Taleb teaches us to question what influential people say, especially popular pundits. Harari urges us to re-examine the ingrained myths which shape so many societal norms and hence our thinking.
Most of these long-held beliefs, Harari explains in Sapiens, come from deep history. They are now so deeply ingrained we accept them as “culture”. Not since Robert Cialdini’s Influence is one urged so avidly to reflect on the way we have been hard-wired by society.
The myths Harari tips us off about were mostly created by vested interests to justifying falsehoods. New ones are being continuously developed, especially in transforming societies. Yesterday’s interview with the South African State’s outgoing chief procurement officer Kenneth Brown, offered me an opportunity to examine a myth in gestation.
Those behind SA corruption and crony capitalism are camped against Brown. He is a major obstacle to their agenda after his unit was tasked in the 2016 Budget to eliminate R25bn in wasted public sector expenditure within three years.
The desperation of these dark forces is evident through their creation of increasingly ludicrous myths. Their pawns in full cry on social media claiming Brown was ejected from National Treasury after being exposed as a tool of “white monopoly capital.”
The real story is very different. Last year Brown was off for six months recovering from a serious back operation. The 19-year veteran had planned to leave National Treasury in December 2015 but after Nenegate, Finance Minister Pravin Gordhan urged him to stay, and he agreed as “it was a time for all-hands-on-deck.”

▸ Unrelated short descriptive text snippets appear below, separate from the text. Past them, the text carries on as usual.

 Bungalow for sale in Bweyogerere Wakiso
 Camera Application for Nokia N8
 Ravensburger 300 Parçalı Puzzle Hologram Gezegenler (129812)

In June he again scheduled to leave, but was prevailed upon to continue for another six months. Again, Brown’s new employer, Standard Bank, accepted this was “in the national interest”. With a well-trained successor now in place and the procurement unit staffed up, Gordhan has finally given his blessing for an end December departure.
Society will probably never be able to stop odious actors from perpetrating propaganda. But free access to information makes it a lot more difficult to turn them into believable myths. We each carry a responsibility to double check the facts. Or end up as repeating myths and hence become malleable pawns of the professional liars who prey on society.